Türkiye öyle büyük bir siyasi kavga veriyor ki, “Son İstiklal Savaşı” dediğimiz ve 7 Haziran'a kilitlenen bu mücadele, ülkemizin yüz yıllık o acı tarihe bir nokta koyup koyamayacağını belirleyecek.
Kazanan ya da kaybeden siyasi partiler, iktidar çevreleri olmayacak; ülke, millet, devlet olacak.
Ya yarının Türkiye'sine, geleceğin Türkiye'sine ilerleyeceğiz ya da yeniden geçmişin soğuk Türkiye'sine döneceğiz.

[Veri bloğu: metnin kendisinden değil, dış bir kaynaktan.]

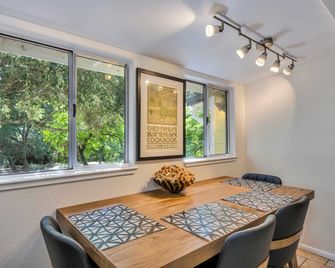 Grapevine Cottage by AvantStay Hobby Vineyard Firepit - Glen Ellen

Ya Anadolu sınırlarının ötesine taşacağız, geleneksel Türkiye ölçeğinin ötesine geçeceğiz, tarihi hafızayı canlandırıp geleceğe olan güveni pekiştireceğiz, derin Anadolu ve coğrafya ile barışacağız, dik yürümeyi öğreneceğiz ya da derin iktidar parçalanmalarına, o kabus günlerine geri gideceğiz: Krizlere, iç güvenlik sorunlarına yeniden yuvarlanacağız, dar iktidar çatışmalarını ülkenin yüce çıkarları sanıp ellerimize tutuşturulan küçücük kırıntılarla avunacağız.
Kumarhanede dövülen Başbakan'lar dönemi
Kumarhanelerde dövülen başbakanları, iftiralarla köşeye sıkıştırılıp teslim alınan hükümetleri, talimat alan bakanları, toplumsal gerilimleri, iki yılda bir değişen hükümetleri, tamamen kendi içine kapanan bir ülkeyi göreceğiz.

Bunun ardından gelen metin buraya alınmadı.